PROBLEM DESCRIPTION ::
Copy out the data from the line containing "Sala de apartamento" to its last line, exactly. No pictures.

|---|

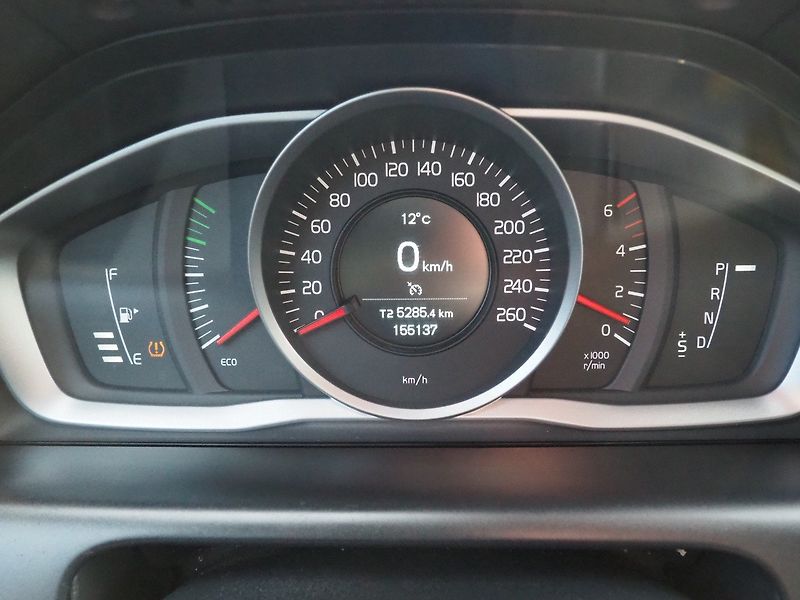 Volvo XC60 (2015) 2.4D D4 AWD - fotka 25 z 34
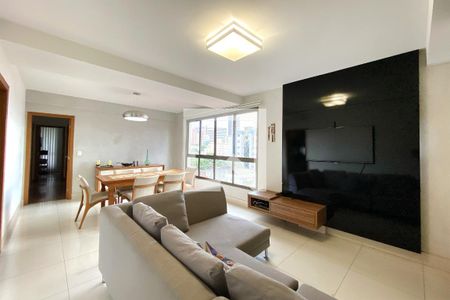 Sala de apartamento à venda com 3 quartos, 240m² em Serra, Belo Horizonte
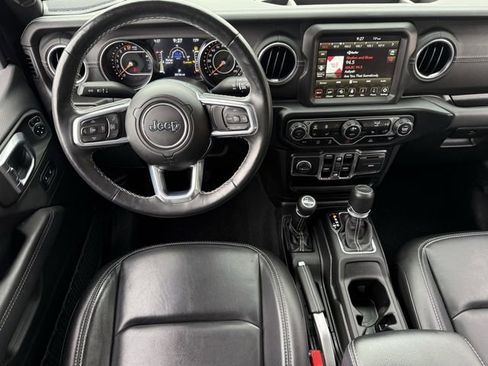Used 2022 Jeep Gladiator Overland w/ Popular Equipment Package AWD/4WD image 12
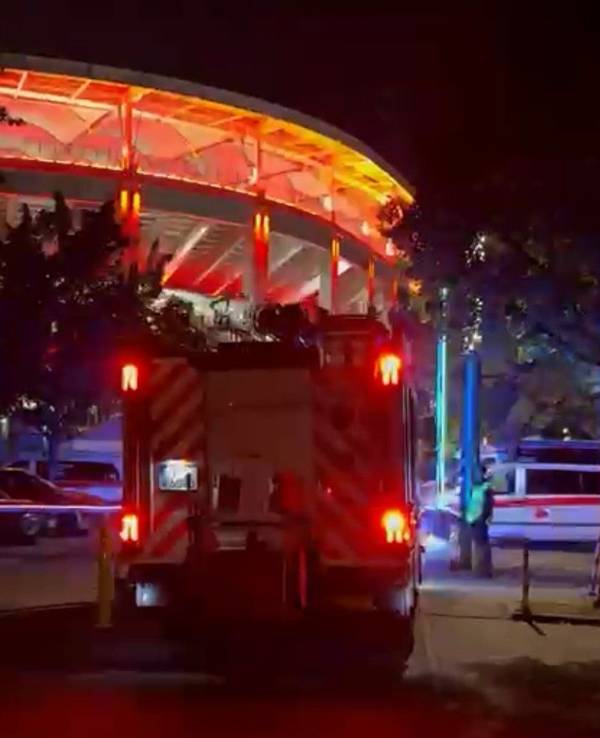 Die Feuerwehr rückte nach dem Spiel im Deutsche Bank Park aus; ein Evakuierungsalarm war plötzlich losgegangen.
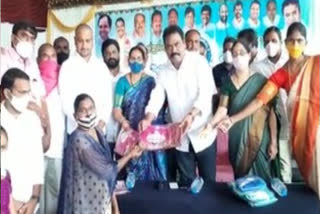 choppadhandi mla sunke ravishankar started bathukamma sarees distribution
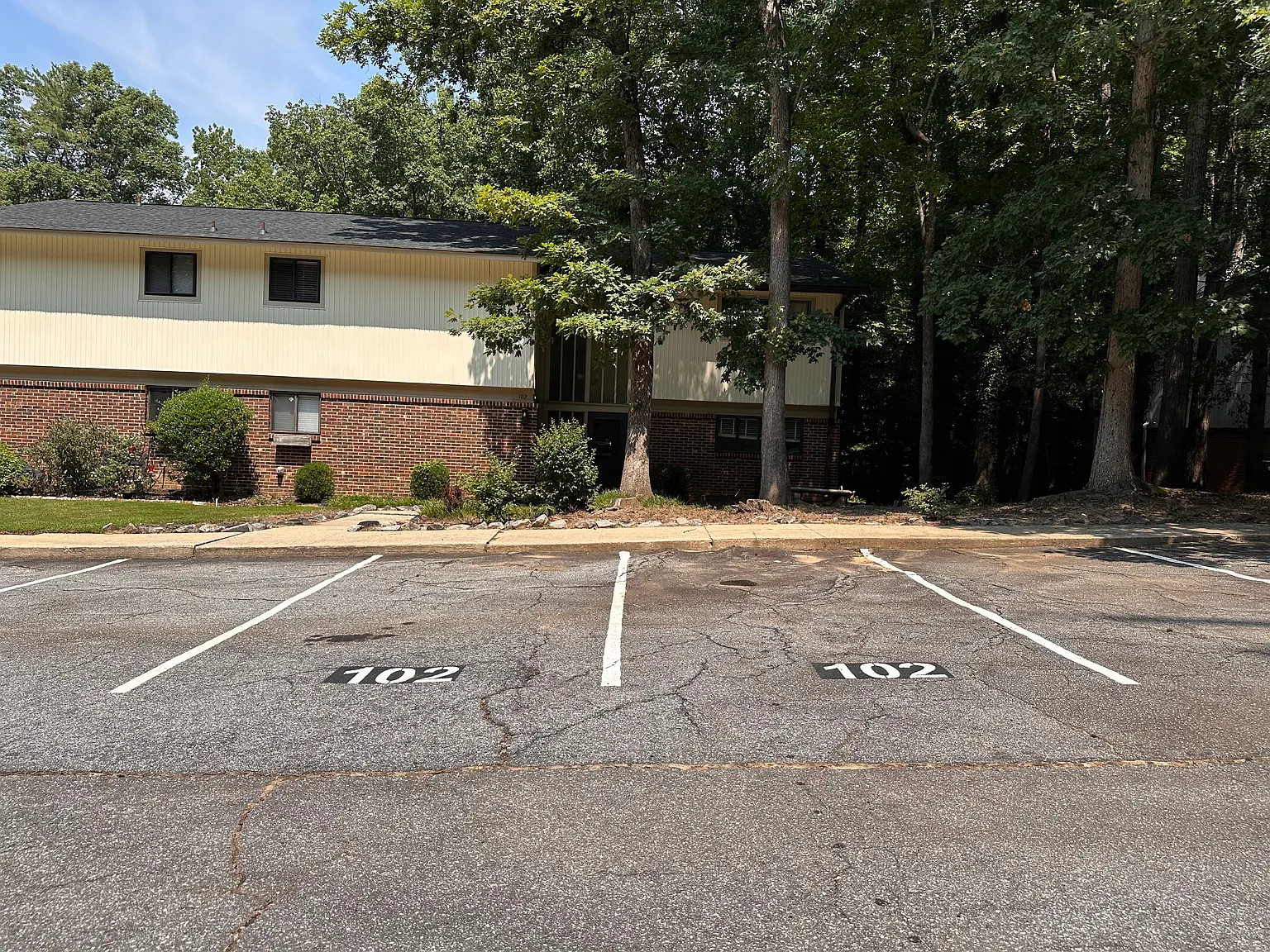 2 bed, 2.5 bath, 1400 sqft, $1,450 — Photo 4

|---|

ANSWER TO THIS TASK ::
 Sala de apartamento à venda com 3 quartos, 240m² em Serra, Belo Horizonte
Used 2022 Jeep Gladiator Overland w/ Popular Equipment Package AWD/4WD image 12
 Die Feuerwehr rückte nach dem Spiel im Deutsche Bank Park aus; ein Evakuierungsalarm war plötzlich losgegangen.
 choppadhandi mla sunke ravishankar started bathukamma sarees distribution
 2 bed, 2.5 bath, 1400 sqft, $1,450 — Photo 4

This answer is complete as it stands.